To kick off this series of interviews with entrepreneurs in China, I begin with an interview with Leonor Estrada, Founder and Director of Dalton Asia Ltd.
Dalton Asia Ltd provides brokering services to companies looking for packaging suppliers in China. Leonor Estrada’s background in purchasing in the electronic industry has helped her understand the supply chain and her clients’ needs and expectation, and means she is no newcomer to the challenges you face in purchasing negotiations.
Leonor Estrada shared her 5 top tips on topics such as suppliers search, suppliers assessment, negotiation, production processes and quality assurance.
Tip #1. “You need a native speaker in your team (even if it is part-time!)”
You need to look for the information in Chinese! I initially searched the internet looking for suppliers in English, but you miss lots of interesting information. You need somebody who is a native speaker (or can perfectly read and speak) because not only do they find better information, but they also interpret it, they have the “feeling” to be able to assess when a supplier is worth pursuing.
It also comes in very handy during the negotiation process. We usually have in the meetings our suppliers’ sales & production guys. As most products need a bit of customization they are working together on setting a quote for us, so it is good having somebody with you who can capture nuances and what’s going on in general.
It is also cheaper to have your own Chinese interpreter or team member. This is like “World Link”, if you want it in English the suppliers are gonna make you pay a lot for it.”(1)
Tip#2. “ALWAYS visit the factory”
You need to know who they are, to ensure they can actually make the products and that you are not really looking at some intermediary.
I once got samples done by a supplier. I sent them to my client and they got approval and were registered in their systems. I subsequently realized they had been made manually and that the guy couldn’t actually manufacture the product.
My lesson: before you send anything to a client, go to the factory, check what machine is producing the product and make sure it is working. If the machine is not functioning that day I ask them to produce a few samples for me right there. If the manufacturer has goodwill he/she will do it. It may not have your exact specifications, but you will at least know the capability is there.
Tip #3. “Understand perfectly the production process”
Here I’ll tell you one of my horror stories: A supplier started giving me excuses and delaying production. He claimed he had some issues with his glue supplier and the glue was not reaching him…. Later on, I realized he did not need any glue in the production process! The part for which he claimed he needed glue had to actually be sealed with heat. That time I believed it!
My lesson: You need to absolutely understand the production process. “Here you cut, here you paint, here you glue…and it comes out from that machine over here”. It sometimes helps to “train” yourself with suppliers that are not your main choice. That way you get to see the machinery, understand the processes, and once you sit in front of the one you are really interested in, you have already developed the know-how on that product, can show expertise and build good credibility.
Tip#4. “Always be ready with back up options”
I once had a confirmed order for which all the negotiation and product sampling had been done.
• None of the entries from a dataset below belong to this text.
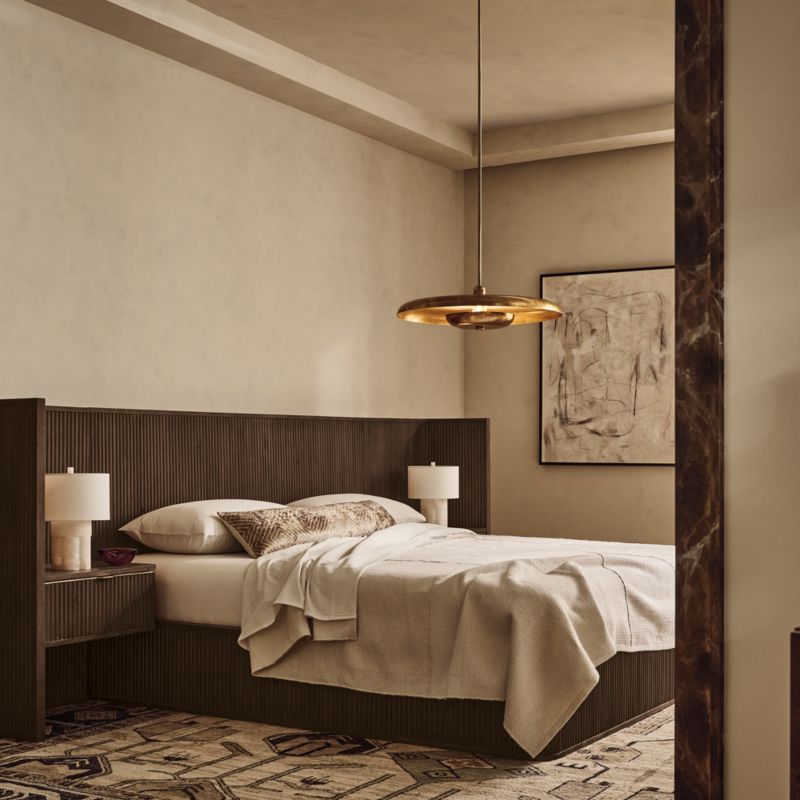 Davison Fluted Dark Brown Wood King Bed with Nightstands - image 3 of 9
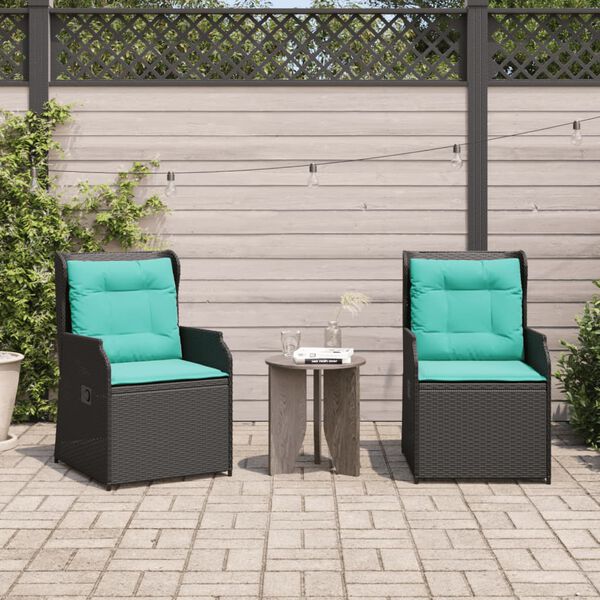 vidaXL Reclining Garden Chairs 2 pcs with Cushions Black Poly Rattan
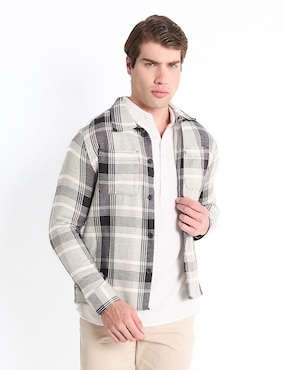 Sobrecamisa Casual Elemento Uomo De Algodón Manga Larga Para Hombre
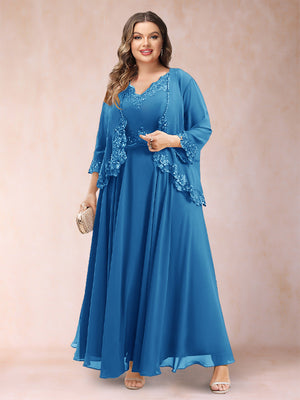 A-Line/Princess V-Neck 3/4 Sleeves 2 Pieces Plus Size Mother of the Bride Dresses with Applique
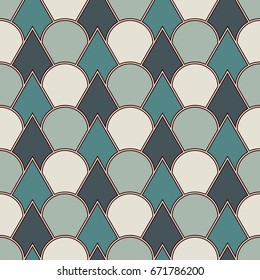 Blue color fish scale wallpaper. Asian traditional ornament with repeated scallops. Seamless surface pattern with semicircles. Grid motif. Digital paper. Vector illustration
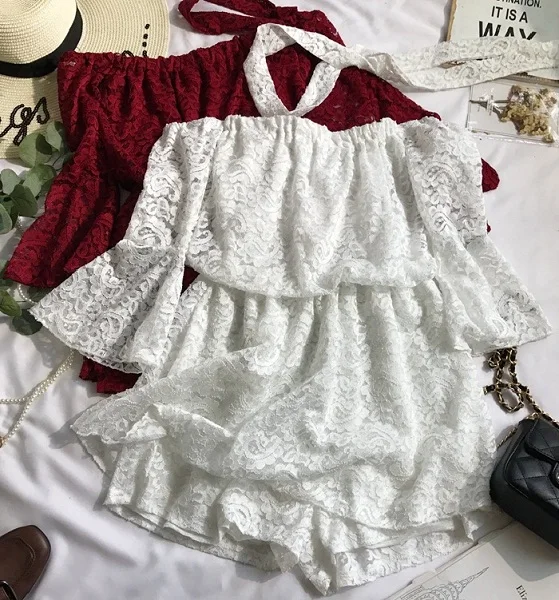 L& Y пикантные с воротником кружево Jumppsuits короткие летние для женщин Мода Flare рукавом Высокая талия Свободные Повседневное короткие костюмы Комб - Цвет: Белый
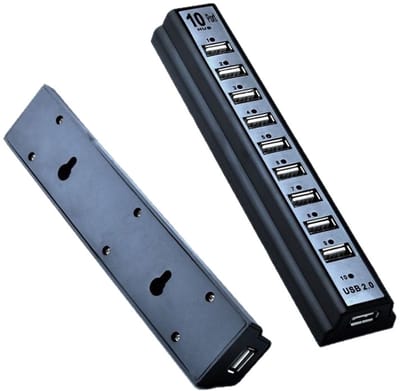 Oneay USB-splitter, 10-poorts USB-hub, 10-bits USB-splitter met voeding, 10-gats USB-hub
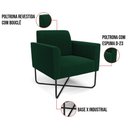 Ver imagem 2 de Poltrona Sala Base X Industrial Preto Marisa Bouclê Verde D03 - D’Rossi
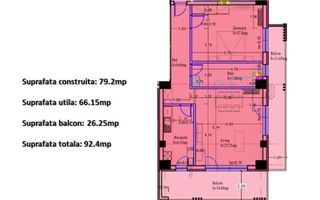 APARTAMENT 2 CAMERE | SISESTI -VATRA NOUA | BALCON MARE 15MP - Poză 12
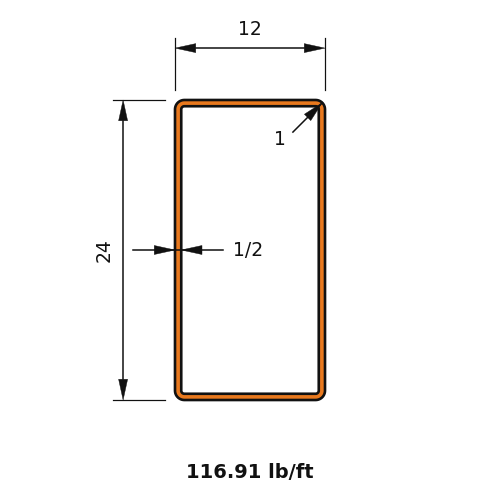 HSS24X12X.500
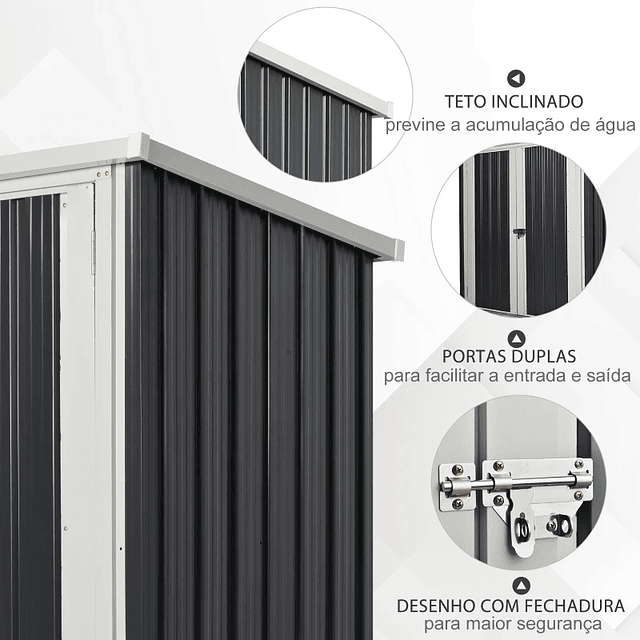 Caseta de jardín de acero galvanizado 1,26 m² con 2 puertas para guardar herramientas 147x86x134 cm Negro
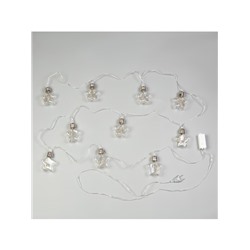 Гирлянда «Нить» 3 м с насадками «Лампочки звёздочки», IP20, прозрачная нить, 80 LED, свечение тёплое белое, 8 режимов, 220 В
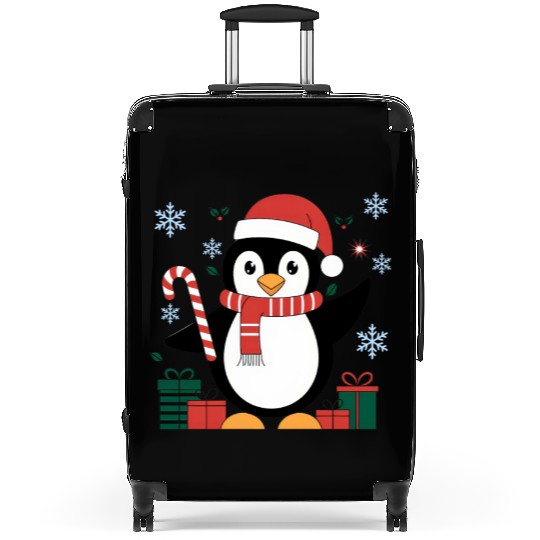 Cute Christmas Penguin - Candy Cane and Gifts Suitcases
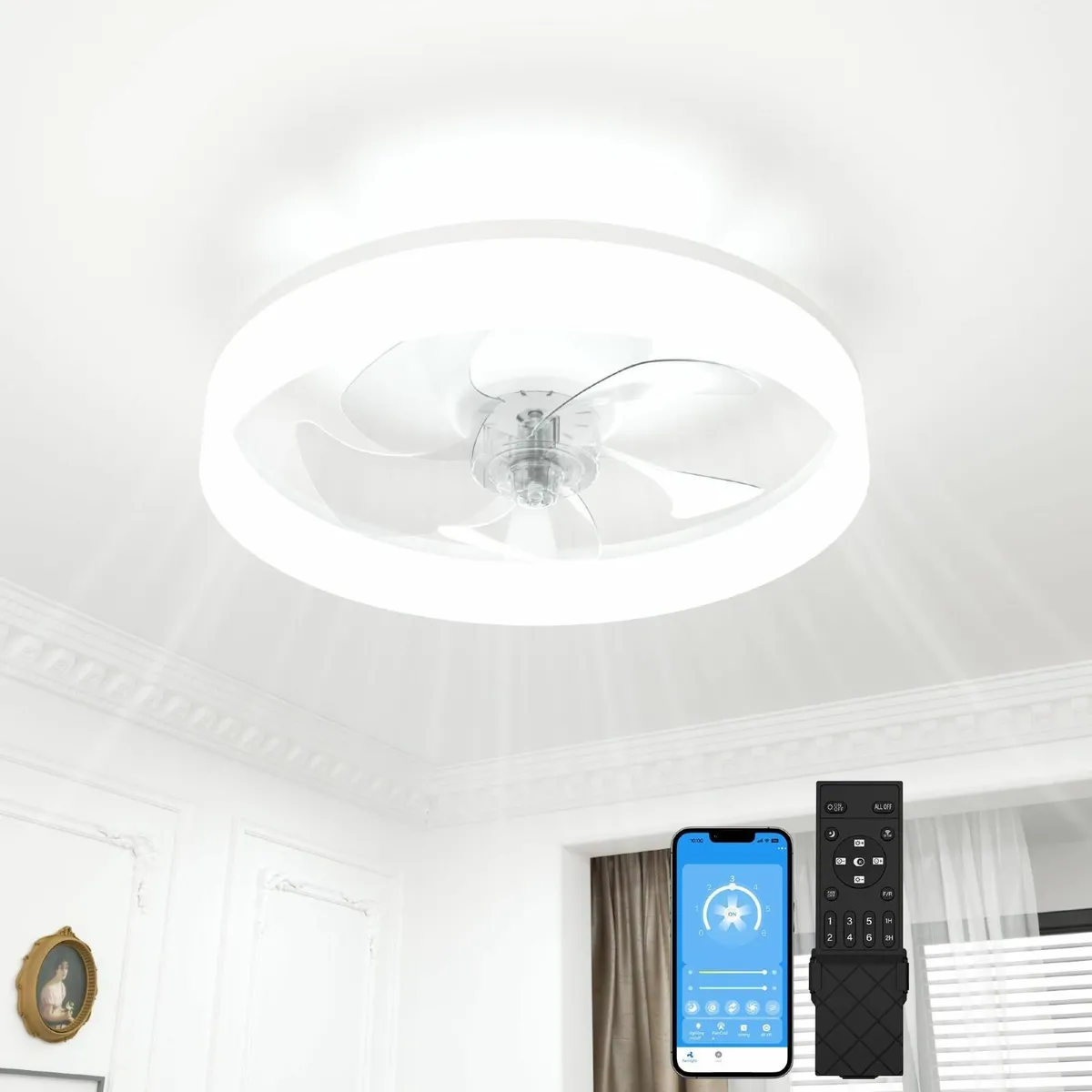 Ceiling Fans with Lights and Remote 40cm LED Fan - Image 1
It needed to be produced immediately as we had a tight deadline with a shipment the following week. When I arrived to the factory the supplier said he couldn’t start. I never found out what the problem was. “My boss is not here, the price is not right”… all type of excuses, the clock ticking and no production starting….
My lesson: Always have back up options identified. 4 to 5 suppliers that you have already visited and that you have ensured are capable of producing the product.
Tip#5. “Be very strict with your quality control. You will annoy them but the loss is on you if something goes wrong”
I always go to the factory when my products are being made. I don’t tell them what day or what time, I just show up.
When production has finished I personally inspect the product. I randomly inspect 10 to 30% of what has been packed. I make them open the boxes and I check the product is complying with the agreed specifications. I once made them open 300 boxes because I was not completely confident about the supplier. They obviously don’t love it, it has a cost for them, but I don’t care. The loss is on me if something goes wrong.
I also wait till it has all been packed in pallets just as it will be supplied to the forwarder. Some suppliers don’t understand that the pallet may move 20 meters in the ship. It needs to be absolutely secured.
If you also work with China suppliers, you may want to share your best tips with us….
 For those not living in China, World Link is one of the main health care suppliers offering services in English by internationally trained doctors….. And it is really expensive compared to what is available locally.